> WORK ITEM: Leaving all pictures out, output exactly and only the line containing "Công dụng nổi" and the lines that follow it to the end of the material below.

> ENTRIES SHOWN:
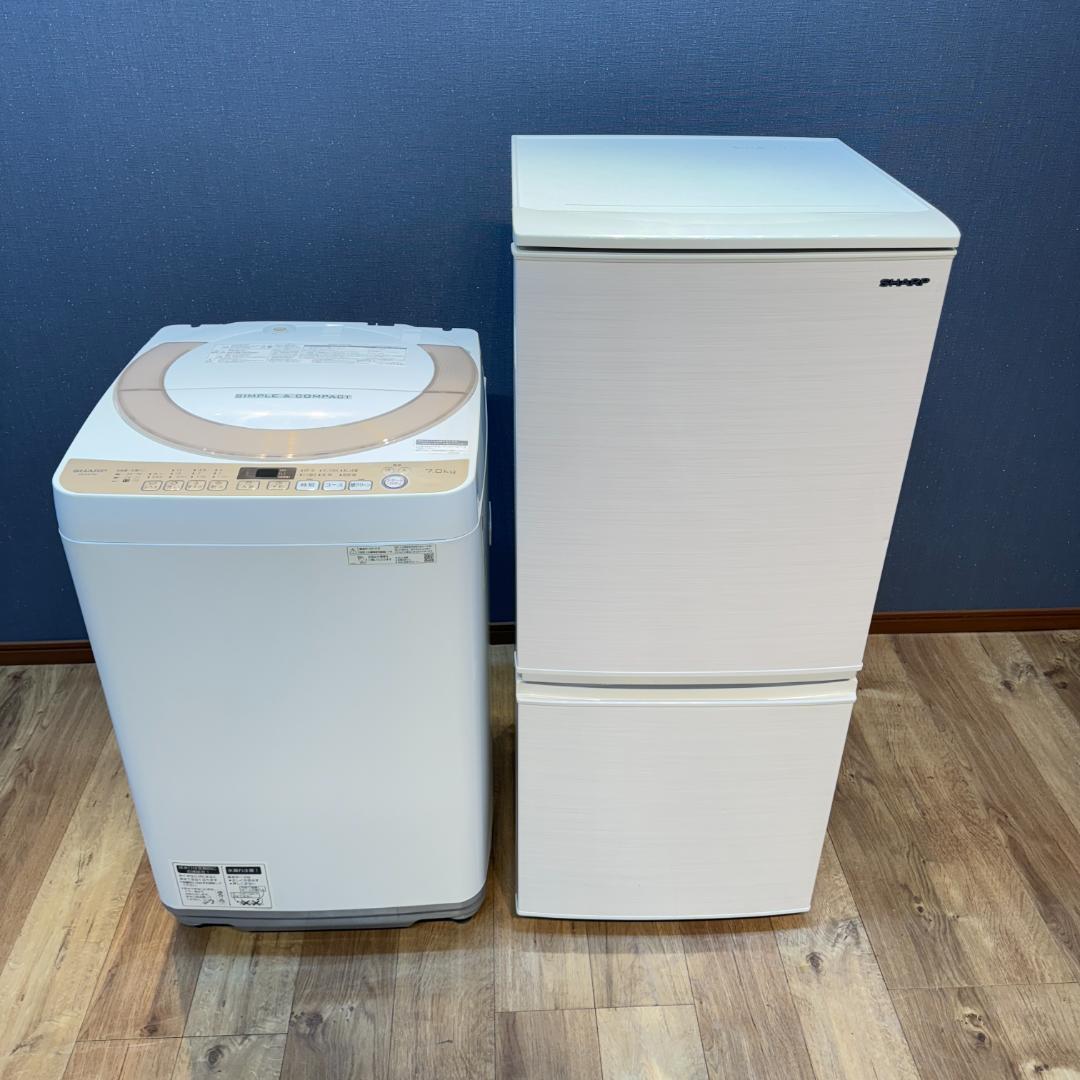 東京23区送料無料　超美品日本製家電2点セット 洗濯機2019/冷蔵庫2020年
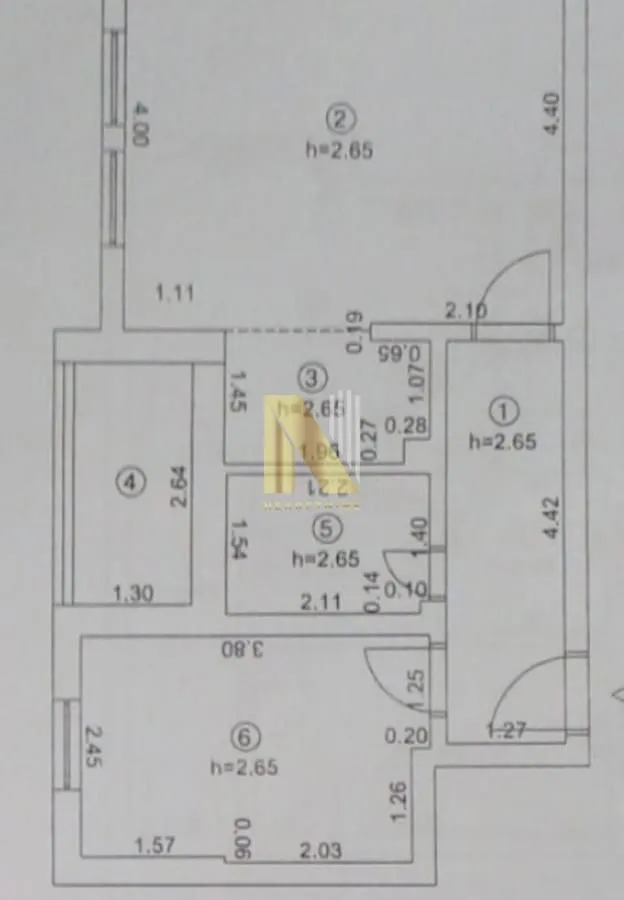 Prodaja, dvosoban stan, 45m², Detelinara, Novi Sad Sve Podlokacije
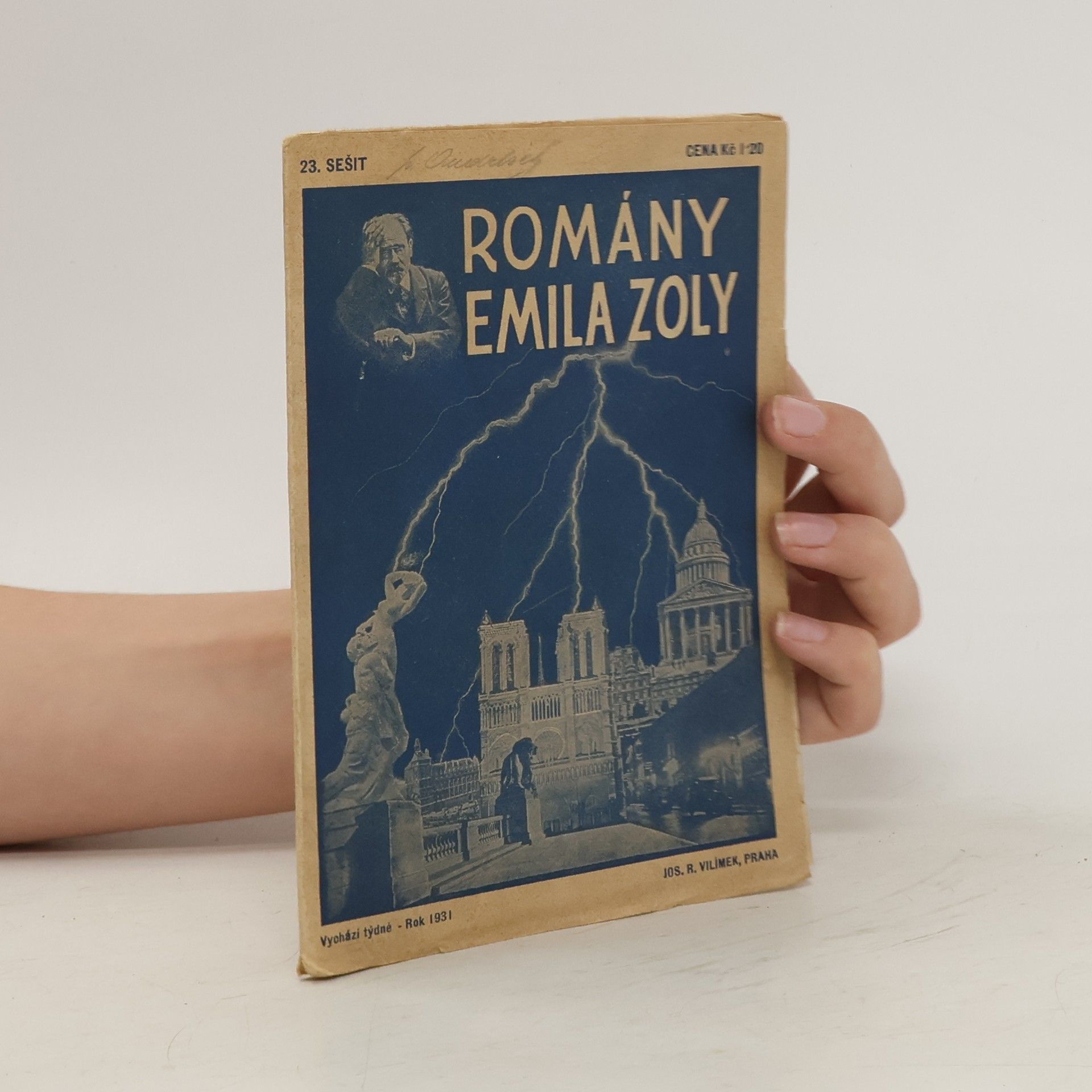 Émile Zola Romány Emila Zoly
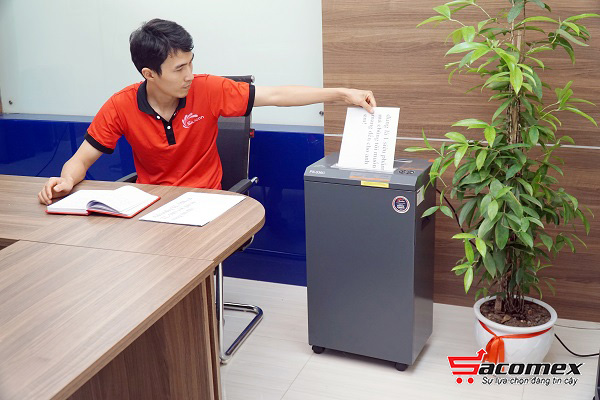 Công dụng nổi bật của máy hủy công nghiệp Silicon PS-536C
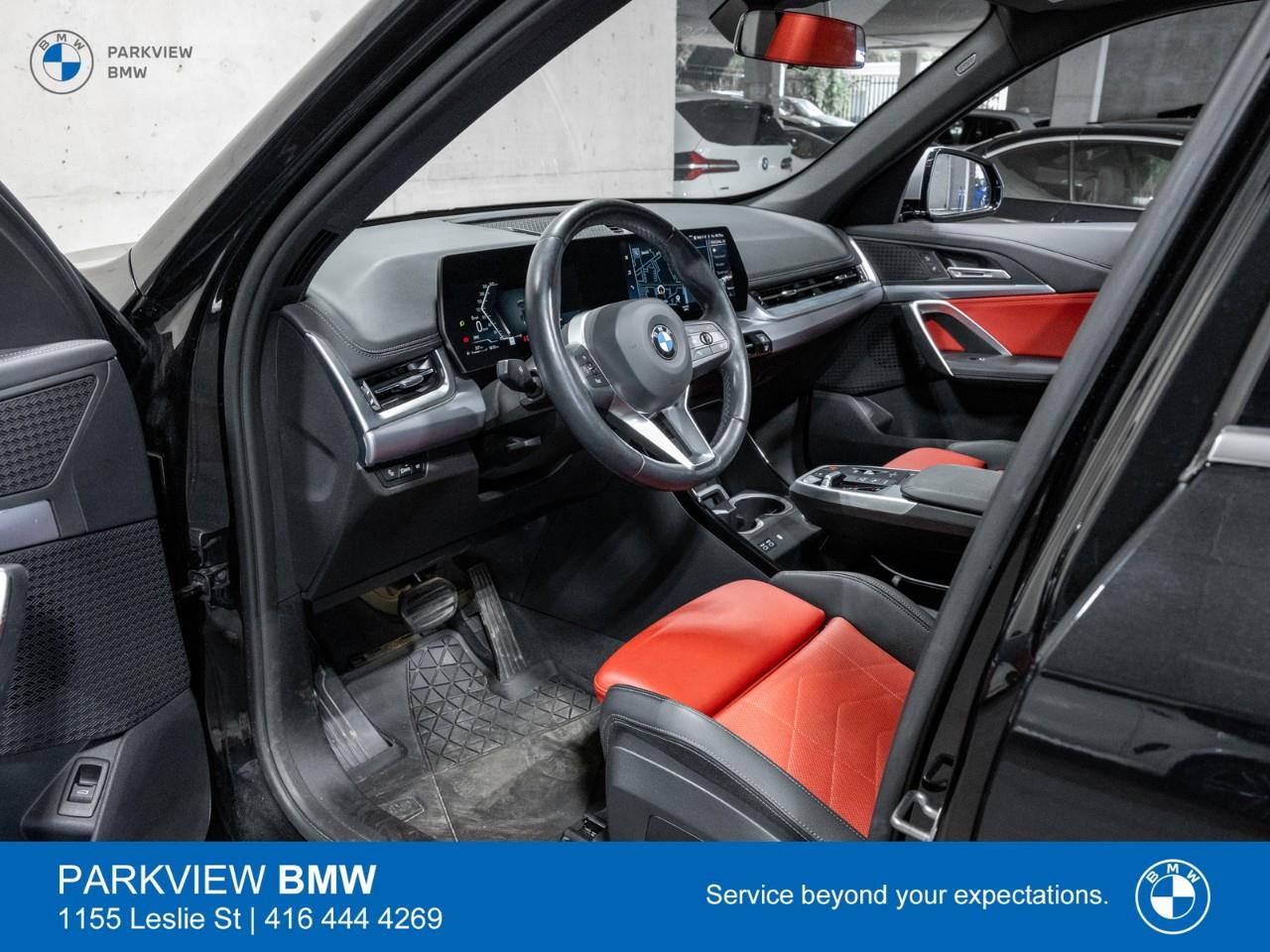 used 2023 BMW X1 car, priced at $39,432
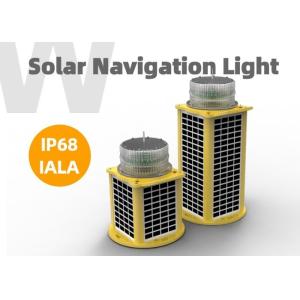 Buy cheap Flashing Pattern 6nm Solar Marine Channel Marker Lights Salt Dust Proof from wholesalers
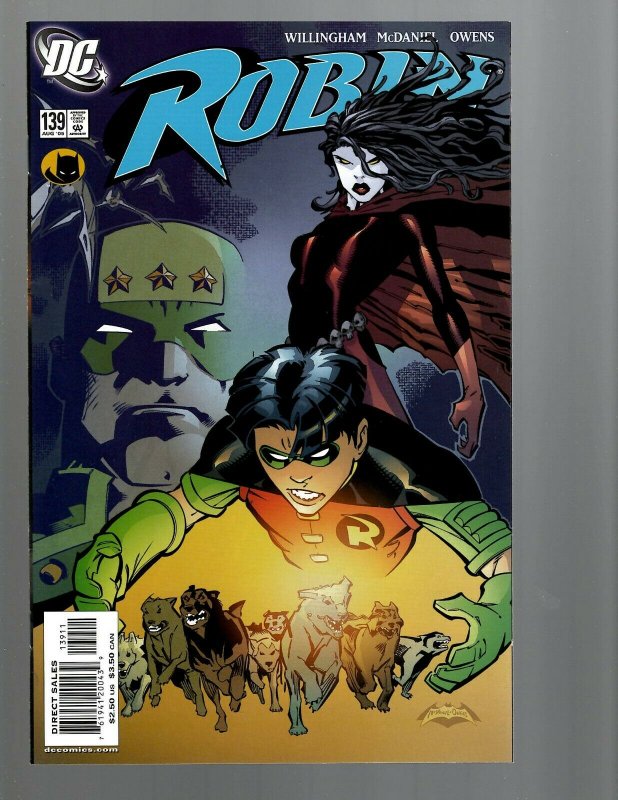 11 DC Comics Robin # 127 129 130 131 132 134 139 140 143 148 149 J439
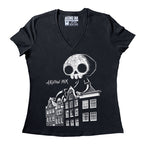 Akumu Ink Women Shirts, goth Women Shirts, skull Women Shirts, 
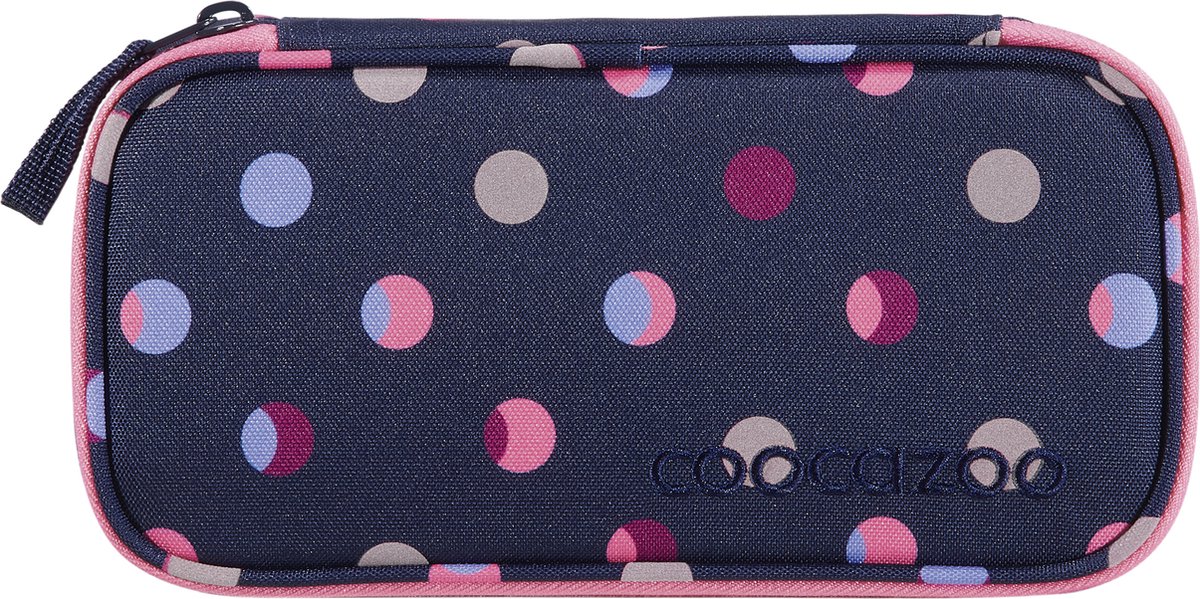 Coocazoo schooletui - Reflective Moons - 24 x 6 x 11cm - paars - CC-211348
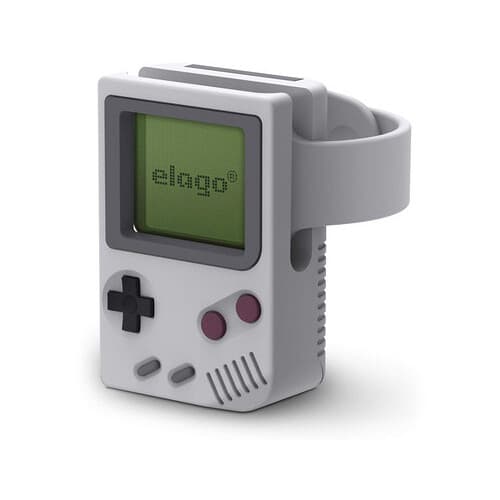 Elago W5 Vintage Stand (Apple Watch) - Lysegrå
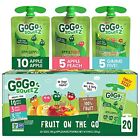 GoGo squeeZ Fruit on the Go Variety Pack Apple Peach Gimme Five! 3.2 oz Pack 20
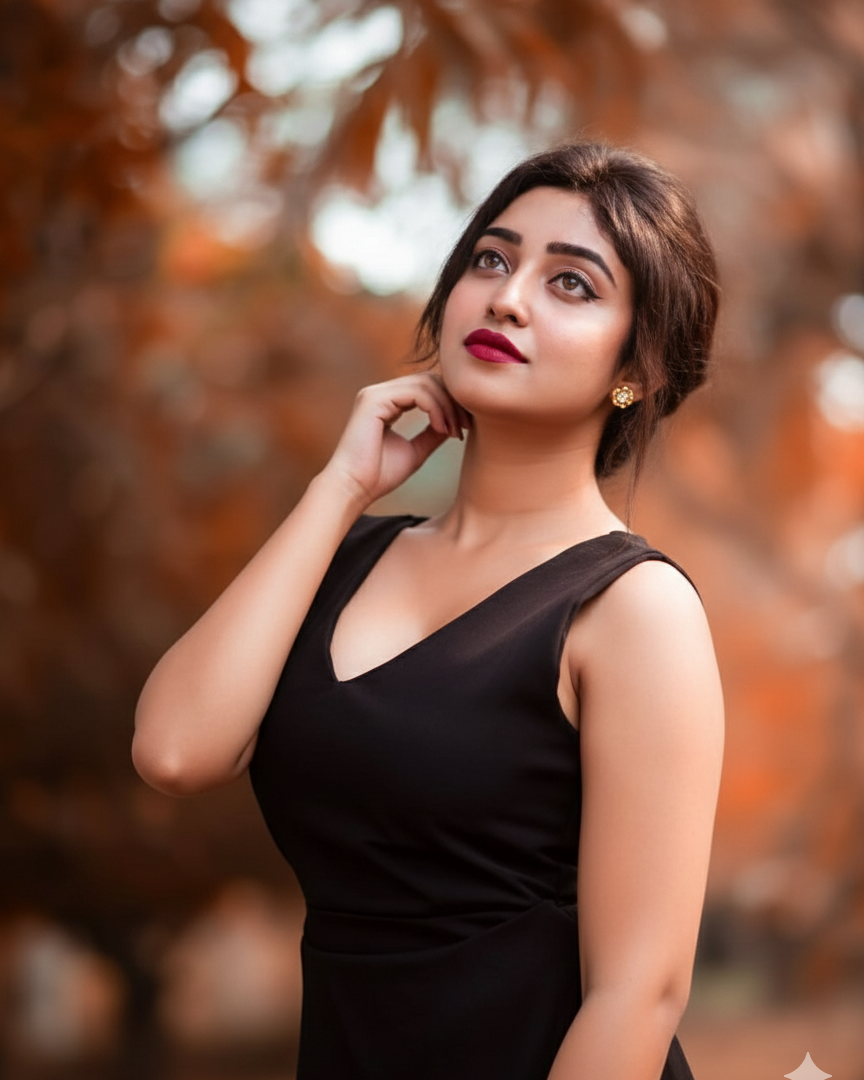 Round Flower Design Ear Ring with Stone Gold Plated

> EXERCISE RESULT:
 Công dụng nổi bật của máy hủy công nghiệp Silicon PS-536C
 used 2023 BMW X1 car, priced at $39,432
 Buy cheap Flashing Pattern 6nm Solar Marine Channel Marker Lights Salt Dust Proof from wholesalers
 11 DC Comics Robin # 127 129 130 131 132 134 139 140 143 148 149 J439
 Akumu Ink Women Shirts, goth Women Shirts, skull Women Shirts, 
 Coocazoo schooletui - Reflective Moons - 24 x 6 x 11cm - paars - CC-211348
 Elago W5 Vintage Stand (Apple Watch) - Lysegrå
 GoGo squeeZ Fruit on the Go Variety Pack Apple Peach Gimme Five! 3.2 oz Pack 20
 Round Flower Design Ear Ring with Stone Gold Plated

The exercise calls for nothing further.